Por fim, nem diante de uma pandemia, as autoridades brasileiras se mostraram abertas a modificações. Na verdade, aconteceu exatamente o contrário. Em junho, o STF julgou inconstitucional a redução salarial de servidores independentemente de quaisquer circunstâncias.

Enquanto isso, mais de 700 mil empresas fecharam as portas na pandemia; e até julho, 11,7 milhões de trabalhadores formais do setor privado já tinham sofrido redução de seus salários ou a suspensão de seus contratos.

Do outro lado, há 11,4 milhões de servidores no Brasil que não dividem prejuízos de nenhuma crise com o restante da população. E pior: a proposta do governo nem sequer toca neste tema.

Qual a origem deste rombo?

Analistas do Banco Central e do Ministério da Economia recebem salários iniciais duas a três vezes superiores aos mesmos profissionais que atuam nas instituições financeiras do setor privado. Por outro lado, os servidores municipais – que incluem um grande número de trabalhadores da saúde e do ensino fundamental – ganham relativamente menos.

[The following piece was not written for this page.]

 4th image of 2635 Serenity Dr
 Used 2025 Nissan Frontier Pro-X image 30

De acordo com dados do Ipea, a média de remuneração na administração pública em 2019 foi de R$ 2.823 no âmbito municipal; R$ 5.174 no estadual e R$ 8.867 no federal. Já as médias de salários no poder público foram ainda maiores: R$ 3.909 no executivo; R$ 6.223 no legislativo e R$ 12.733 no judiciário.

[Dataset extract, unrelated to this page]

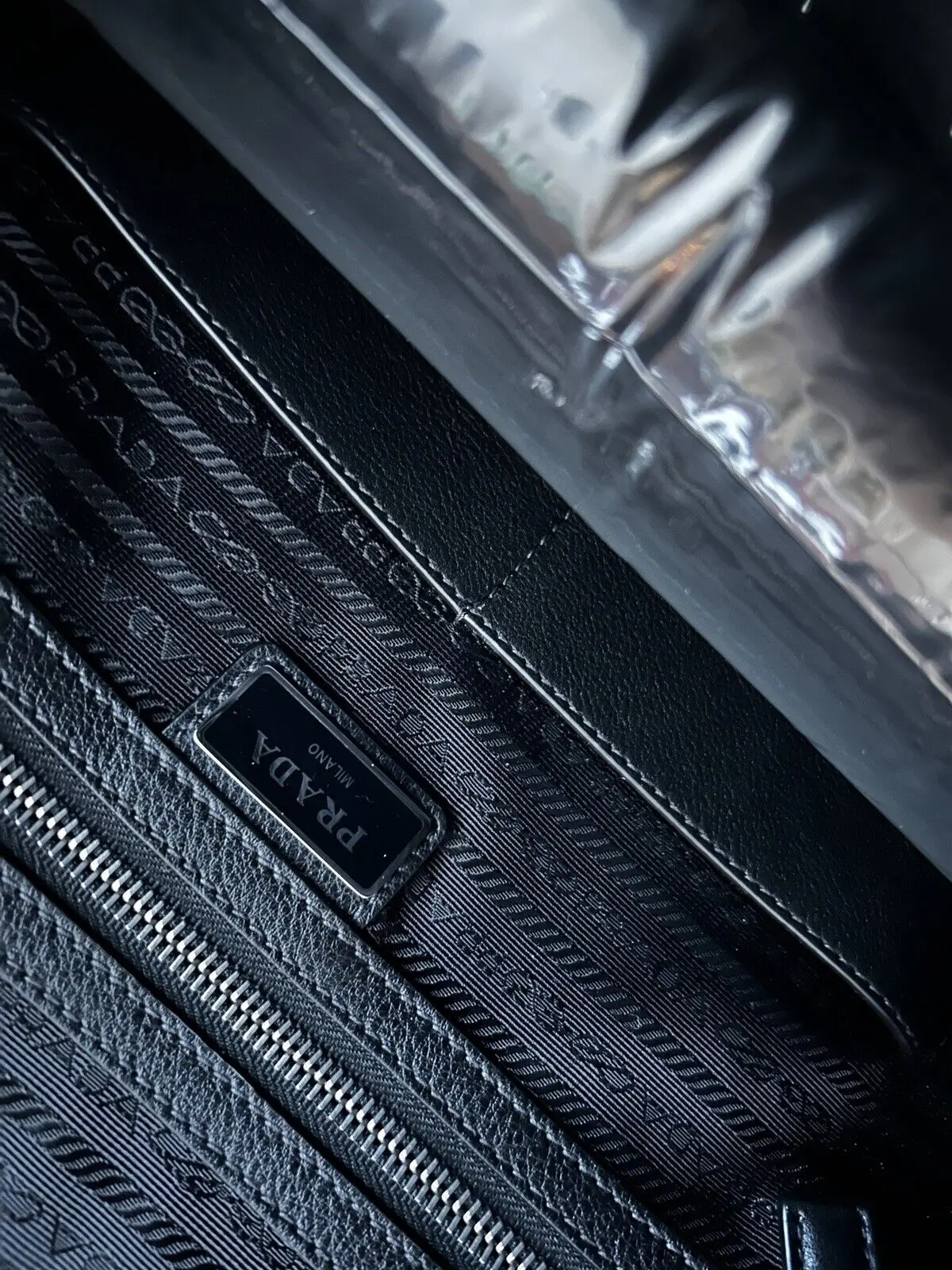 PRADA プラダロゴ レザー ブリーフケース ビジネスバッグ 2VE368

Em contrapartida, a Pnad de 2019 apontou que o vencimento médio dos trabalhadores formais do setor privado era de R$ 2.169, com a maioria dos trabalhadores ganhando menos de dois salários mínimos. Ou seja, valor bem abaixo da média do setor público.

O que a reforma administrativa correta abarcaria?

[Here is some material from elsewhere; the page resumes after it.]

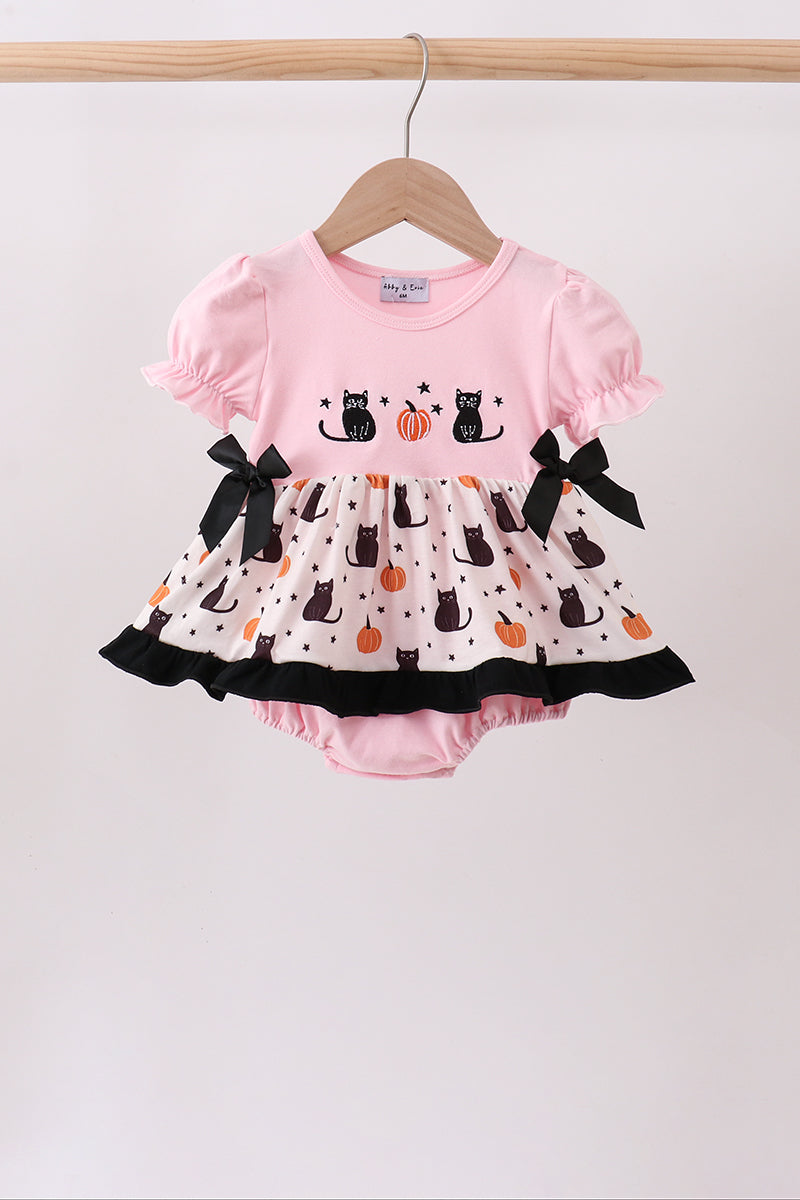  Aaria Tees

As distorções evidenciadas acima permitem que o Estado brasileiro seja responsável por uma série de más alocações de recursos.

Nesse sentido, a proposta deveria criar incentivos para melhorar a prestação de serviços aos brasileiros que, querendo ou não, já pagam por eles. Assim como, valorizar os melhores servidores públicos, gerando inovação dentro do sistema. No entanto, para que isso funcione, a avaliação de desempenho de servidores, bem como a demissão de funcionários ineficientes, deve ser garantida por lei. Assim, desperdícios serão evitados e uma melhor alocação de recursos públicos será feita.

Com este mesmo intuito, os salários recebidos por servidores deveriam ser compatíveis aos pagos pelo setor privado e uma série de carreiras desnecessárias deveria ser desativada no Estado, abarcando o atual escopo do funcionalismo.

Vale dizer ainda que a proposta enviada pelo governo é enxuta desde o ponto de partida. E que vários dos pontos enviados devem ser cortados e amenizados no Congresso Nacional. Por conseguinte, politicamente a perspectiva é de, caso seja aprovada, a PEC promulgada ser ainda mais modesta.

Considerações finais

O estadista alemão Otto von Bismarck dizia que “a política é a arte do possível”. Nesse sentido, politicamente talvez no Brasil atual aprovar uma reforma administrativa que inclua novas regras para os servidores seja difícil. Ressalta-se que a medida se trata de uma PEC, o que exige maioria qualificada em duas votações em cada casa legislativa.

Entretanto, a ideia de que devam ser feitas reformas apenas para a próxima geração deveria ser abandonada. Afinal, estaremos sob pena de o Estado brasileiro estar sempre duas ou três gerações atrasado perante o restante dos países mais desenvolvidos. O debate público brasileiro, por conseguinte, é muito atrasado.

Parafraseando Friedrich Hayek, o papel dos liberais deve ser de “agitadores” para derrubar opiniões correntes hostis à liberdade, ao mercado e a reformas de instituições extrativistas. E isso se aplica à boa parte do funcionalismo público brasileiro.

Daqui a quatro décadas, quando as regras entrarem em vigor para todo o funcionalismo brasileiro, elas já estarão muito desatualizadas perante o mundo. Ou seja, uma reforma administrativa que não abarque os servidores atuais não servirá nem para os nossos netos.